Would liked that if it where a bit darker..


----------



## Dave_R1001 (Nov 24, 2002)

Paint or wrap though?


----------



## DCD (Jun 28, 2001)

Uhm...looks pretty cool! Maybe a hint to Nissan...can we have more than 6 colors please(half of which are gray!!) LOL


----------



## Howsie (Feb 25, 2002)

Are you sure Abbey aren't involved? 

It did pull away quickly though.


----------



## NISMO-GTR (Jan 28, 2006)

looks amazing IMO


----------



## Al_Star (Aug 22, 2007)

im liking that:smokin:


----------



## GTR RGT (Aug 29, 2006)

Im sure you are ^ lol judging by your avatar


----------



## myline (Dec 10, 2005)

great car, sounds very nice, and went quick.

colours ok for someone with money to burn,..not too resaleable methinks?


----------



## davros (Jun 28, 2007)

Anyone else spot the front bumper intakes??? Whats the deal with those then??!!


----------



## GTRJack (Aug 27, 2005)

davros said:


> Anyone else spot the front bumper intakes??? Whats the deal with those then??!!


Yeah I wonder the same, a new front bumper?


----------



## ybioul (Nov 23, 2007)

lambo orange that is one of my options for the color on my GTR... wonder how much Nissan asked to have that special color on the car ?


----------



## WPL (Sep 24, 2004)

The car sounds awsome!!


----------



## Andy W (Dec 31, 2005)

Al_Star said:


> im liking that:smokin:


:chuckle: :chuckle:


----------



## Chuck_H (Jul 28, 2006)

Nice to see the R35 in a different color.


----------



## Godspd (Dec 12, 2001)

Amazing..can't stop watching that clip over and over againg...boy does it go..

Also loving that aftermarket front bumper..


----------



## Shin (Jul 4, 2001)

...


----------



## Shin (Jul 4, 2001)




----------



## DCD (Jun 28, 2001)

Pure sex!


----------



## Thrust (Jun 8, 2004)

Beautifully done...

PS So that's how the Hong Kong fellow lost his tail!


----------



## R32_GODZILLA (Sep 24, 2003)

Pure Sex +1 !!!

I am in love!

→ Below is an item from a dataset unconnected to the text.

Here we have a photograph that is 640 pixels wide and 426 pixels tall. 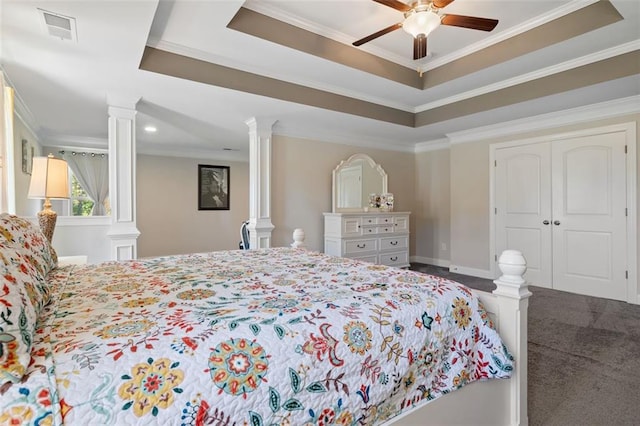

Absolutely Stunning. Who's is it?


----------



## GTRJack (Aug 27, 2005)

Fking NICE!!!

The best looking R35 so far..

By the way who made that front numper with the front end intake?


----------



## Shin (Jul 4, 2001)

The bodykit will be released by the new brand called "Harrison".


----------



## GTRJack (Aug 27, 2005)

I wonder if that intake opening affect the CD?

The stock CD of .27 is already good, I hope the bodykit makers of R35 doesn't ruin the CD too much


----------



## Dave_R1001 (Nov 24, 2002)

IMO the intakes on the bumper should have been a bit more angular. They currently look very square edged and almost a bit out of place? 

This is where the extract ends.